20, 50, 200, 1000 years later someone would find them and they would provide hours of fascinating insight into someone long gone. To have casually tossed a declining hard storage medium that contained a fairly detailed layout of a portion of an individuals existence in the past was to throw away a small scrap of informational immortality that few create or preserve...
At this point the majority of collected personal and social information is collected and stored digitally. At some point ALL of that will become irretrievable given some catastrophe or just an expansion/evolution of media outside the then current storage and retrieval technology. Anyone here still have the capability to read the information off a 3.5 inch floppy disk? How about a 5 inch? An 8? A cassette tape? 8 Track? Reel to Reel?
Additionally, the people who control the means to read/recover the information and store it will be the people who interpret it for others...
I’d keep them. A grandchild might use them to write a book.

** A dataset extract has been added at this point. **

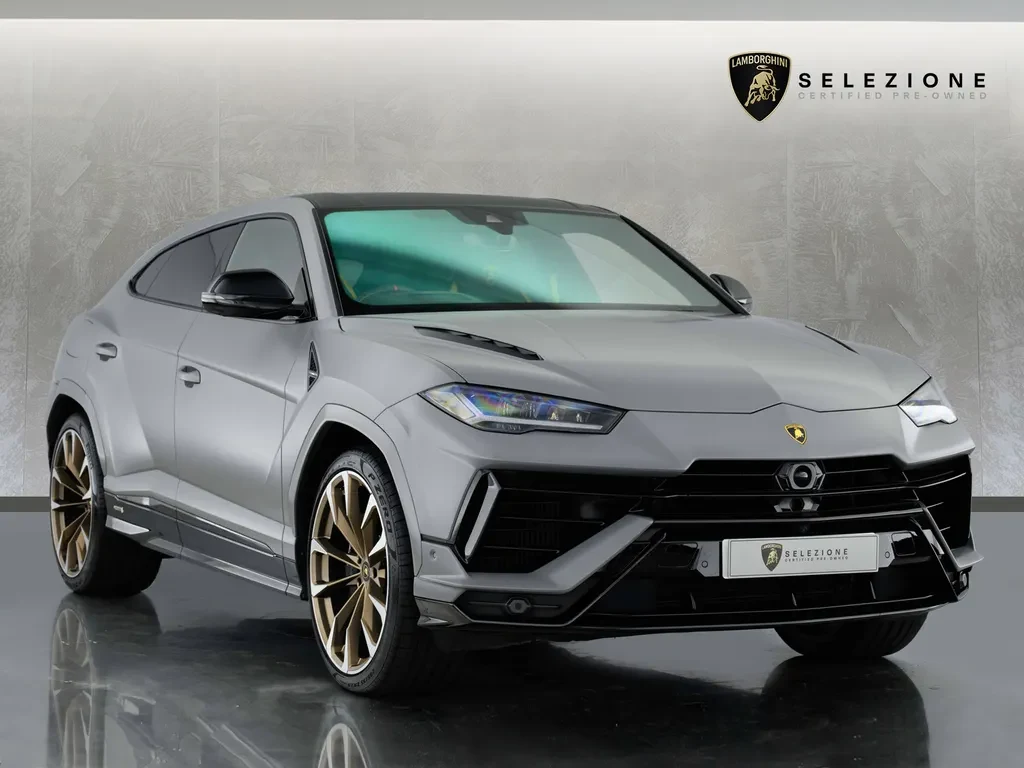 Lamborghini Urus S, full-car front three-quarter view.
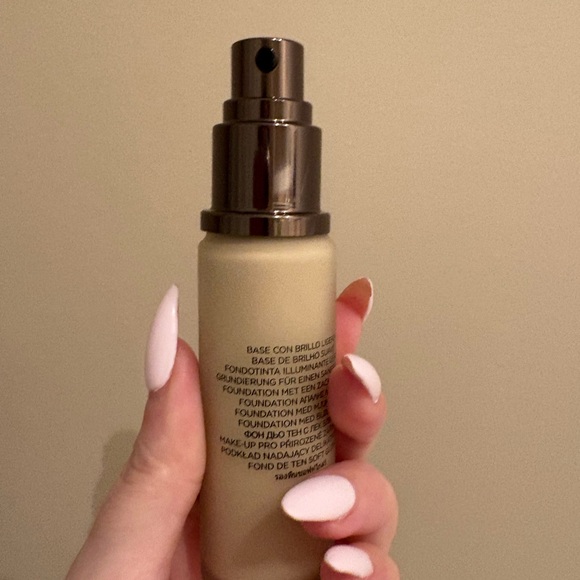 Hourglass Ambient Soft glow foundation - shade 2 - Picture 2 of 6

Digitize (scan) and then transcribe (in the case of handwritten notes: type by hand; in the case of already-typewritten notes: use Optical Character Recognition software) all of your journals.
You will now have a Microsoft Word file of your journal.
It is then fun to cross-reference your file with all of your likewise scanned grocery store receipts, movie theatre receipts, photos, etc.
Regards,
20, 50, 200, 1000 years later someone would find them and they would provide hours of fascinating insight into someone long gone.
When deliberating on whether you want to destroy any of your old records, just imagine that they are the records of your great-great-grandmother. Would you wish that your great-great-grandmother had destroyed that journal entry describing (in loving detail) the big family reunion in 1872?
Side note: Folks, please don't take a photo of yourself and your bowling buddies and write on the back, "Me and my buddies!"
Instead, write the date and the names of all the persons depicted. Also: Write a short description of the circumstances of the photo (e.g.: "This was taken out behind the bowling alley just after the league semi-finals; that bruise under my left eye was because...").
Your great-great-grandchildren will thank you!
Regards,
20, 50, 200, 1000 years later someone would find them and they would provide hours of fascinating insight into someone long gone.
When deliberating on whether you want to destroy any of your old records, just imagine that they are the records of your great-great-grandmother. Would you wish that your great-great-grandmother had destroyed that journal entry describing (in loving detail) the big family reunion in 1872?
Side note: Folks, please don't take a photo of yourself and your bowling buddies and write on the back, "Me and my buddies!"
Instead, write the date and the names of all the persons depicted. Also: Write a short description of the circumstances of the photo (e.g.: "This was taken out behind the bowling alley just after the league semi-finals; that bruise under my left eye was because...").
Your great-great-grandchildren will thank you!